In this intervening time, a vast number of people lost their stock which was their only source of wealth, subsequent to the application of the Stock Limitation Act (1950) introduced by the state under the pretext of land betterment. The Act thus paved the way for the forced removal or slaughter of cattle belonging to African people in the reserves. In terms of the Act, the number of livestock was limited and stock owners (individual or families) paid a small grazing fee annually. This consisted of restrictions on ploughing, prohibitions on cutting trees and the culling of cattle.

Betterment type controls were placed over the agricultural land- in an attempt to prevent overgrazing. Betterment type controls refer to the schemes that were used to regulate homelands under the pretext of improving the areas.

Designated areas were divided into distinct land use zones and forced people to move into demarcated residential land, arable land and land suitable for grazing by allocating them accordingly. Ultimately people were relocated from their scattered homesteads to new concentrated betterment villages.

Aftermath of betterment planning and the inevitable removals

More than any other type of Apartheid dispossession, betterment resulted in mass removals, of particularly the underprivileged who resided in rural areas. Moreover, some of the evictees were considered to be squatters, because an individual farmer wanted to take over their land. In addition Babanango evictees were old, disabled or unsatisfactory workers whom the farmers considered ineffectual hence they were driven off the land.

Babanango experienced a massive number of Farm workers’ or tenants’ evictions predominantly in the 1950's and early 1960's.
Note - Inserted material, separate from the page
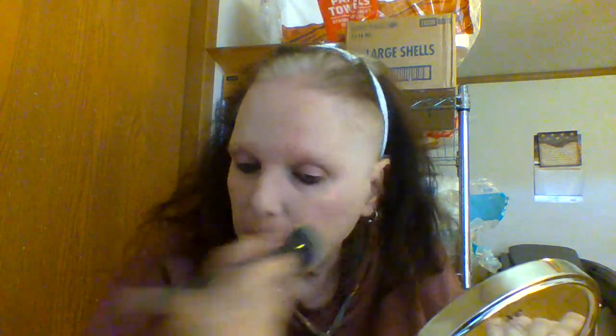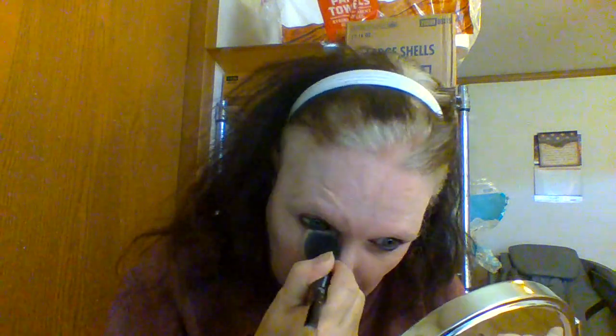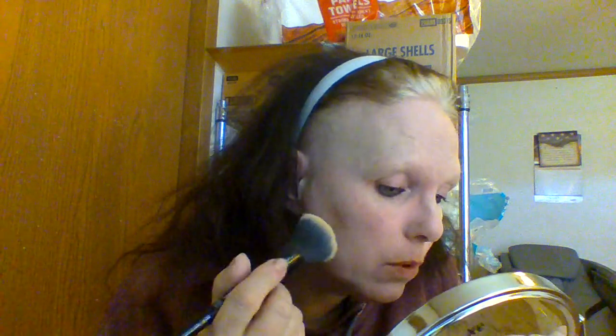The one thing I found with the brush is it gives an airbrushed look, which I thought was really good. I liked that when I saw it the first time — it looked really smooth. So what I thought I'd do is stick to the brush in some parts and then double down with the puff on my T-zone, just because it's my T-zone. It won't look bad though — it'll look good.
As a result, the following relocation sites were established to resettle them - Mpungamhlophe, Hlungulwana and Emakhosini. These evictions were part of an early phase in mechanised rationalisation of land-use and labour in the Babanango District, involving some of the more progressive ‘farmers ‘ who were making the changeover to a fulltime and smaller labour force. Early evictees who inhabited these relocation sites namely, Mpumamhlophe, Hlungwana and Emakhosini, in the 1950s were at an advantage because during the latter removals the occupants were allowed to bring the livestock along and they were allocated to suitable land for grazing purposes.
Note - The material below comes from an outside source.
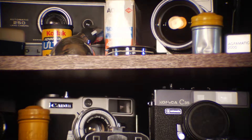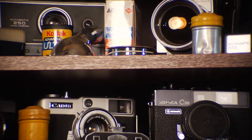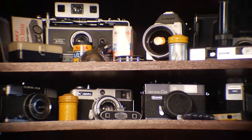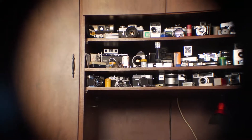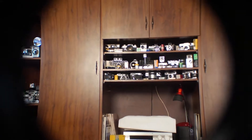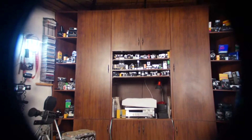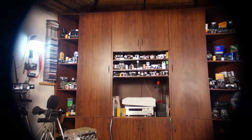Zoomed in, the image circle is much larger and covers the whole sensor. Now stopping to f/2.8 and zooming out again to see what happens. This is the Ingenio 6 to 80 millimeter f/1.2, T1.4 at f/2.8.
During the later phase of Farm removals, in the late 1960's and early 1970's, there were few households that were officially relocated. 
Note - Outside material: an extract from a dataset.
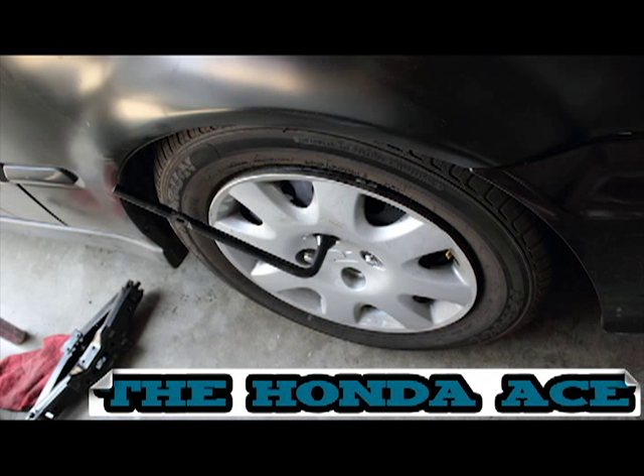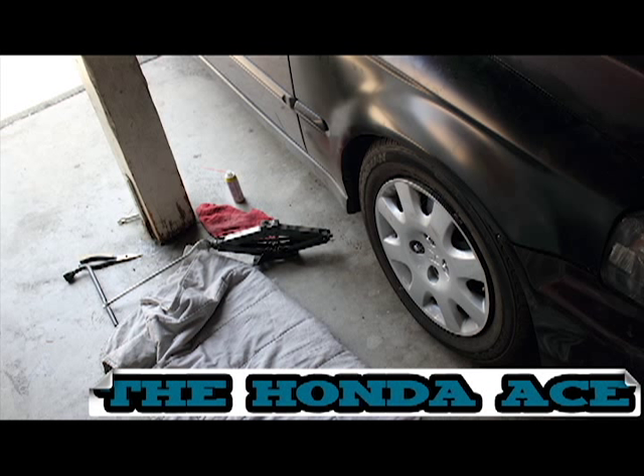Okay, let's get started. First thing to do is loosen the lug nuts, then jack the car up. Make sure that you remove the wheel and use jack stands.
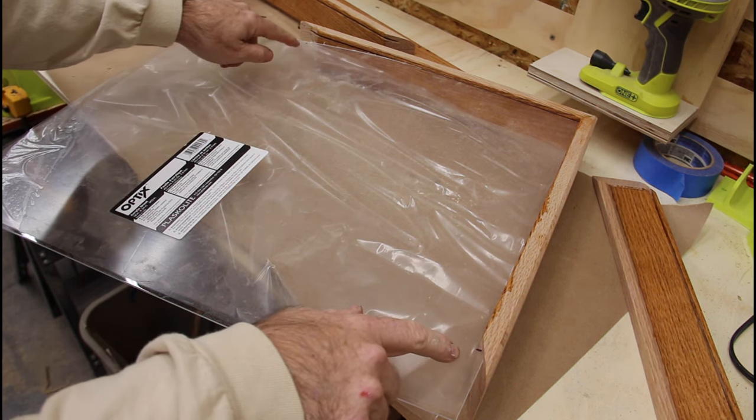Had to tune up the corners a little bit with the orbital sander, but as you can see, that's a great fit. Let's get a little oil on here, and then we'll attach the base and put the flag in and we'll be done with this project. I'm just going to countersink a couple of holes to hold this back, and then we'll attach it with some brass screws.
Cash tenancy, whereby people had to pay rent to the farmer, was also under attack.  Consequently, what emerged was labour tenancy, a system of near slavery without legal sanction.

References

Peter E. Raper, New Dictionary of South African Place Names, p.18| The Surplus People Project Reports, Forced Removals In South Africa,  Natal, Vol.4, January 1983,  pp.46-47| Border Rural Committee (BRC), ‘What was betterment?’ [online], Available at www.brc21.co.za [Accessed: 05 July 2013]|Kok Pieter & Gelderblom Derik (1994) Urbanisation South Africa’s Challenge, (Human Sciences Research Council) , Vol.2 : Planning,  p.210|Weideman M (2004), A History of Dispossession[online], Available at wiredspace.wits.ac.za|O’ Malley The Heart of Hope, 1950 Stock Limitation Act,[online], Available at www.nelsonmandela.org [Accessed: 09 July 2013]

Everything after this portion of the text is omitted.